An ID management system’s core objective is one identity per individual. Once that digital ID has been established, it must be maintained, modified and monitored throughout each user’s “access lifecycle.”

Thus, the overarching goal of ID management is to “grant access to the right enterprise assets to the right users in the right context, from a user’s system onboarding to permission authorizations to the offboarding of that user as needed in a timely fashion,” according to Yassir Abousselham, senior vice president and chief security officer for Okta, an enterprise identity management provider.

ID management systems provide administrators with the tools and technologies to change a user’s role, track user activities, create reports on those activities, and enforce policies on an ongoing basis. These systems are designed to provide a means of administering user access across an entire enterprise and to ensure compliance with corporate policies and government regulations.

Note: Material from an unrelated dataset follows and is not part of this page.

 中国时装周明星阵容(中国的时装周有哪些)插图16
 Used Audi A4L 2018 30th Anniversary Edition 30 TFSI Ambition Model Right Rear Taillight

ID management technologies include (but aren’t limited to) password-management tools, provisioning software, security-policy enforcement applications, reporting and monitoring apps and identity repositories. ID management systems are available for on-premise systems, such as Microsoft SharePoint, as well as for cloud-based systems, such as Microsoft Office 365.

ID management systems must be flexible and robust enough to accommodate the complexities of today’s computing environment. One reason: An enterprise’s computing environment used to be largely on-premises, and ID management systems authenticated and tracked users as they worked on-premises, says Jackson Shaw, senior director of product management for ID and access management provider One Identity. “There used to be a security fence around the premises,” Shaw noted. “Today, that fence isn’t there anymore.”

As a consequence, ID management systems today should enable administrators to easily manage access privileges for a variety of users, including domestic on-site employees and international off-site contractors; hybrid compute environments that encompass on-premise computing, software as a service (SaaS) applications and shadow IT and BYOD users; and computing architectures that include UNIX, Windows, Macintosh, iOS, Android and even Internet of Things (IoT) devices.

Ultimately, the ID management system should enable centralized management of users “in a consistent and scalable way across the enterprise,” says Abousselham.

In recent years, identity-as-a-service (IDaaS) has evolved as a third-party managed service offered over the cloud on a subscription basis, providing ID management to a customers’ on-premise and cloud-based systems.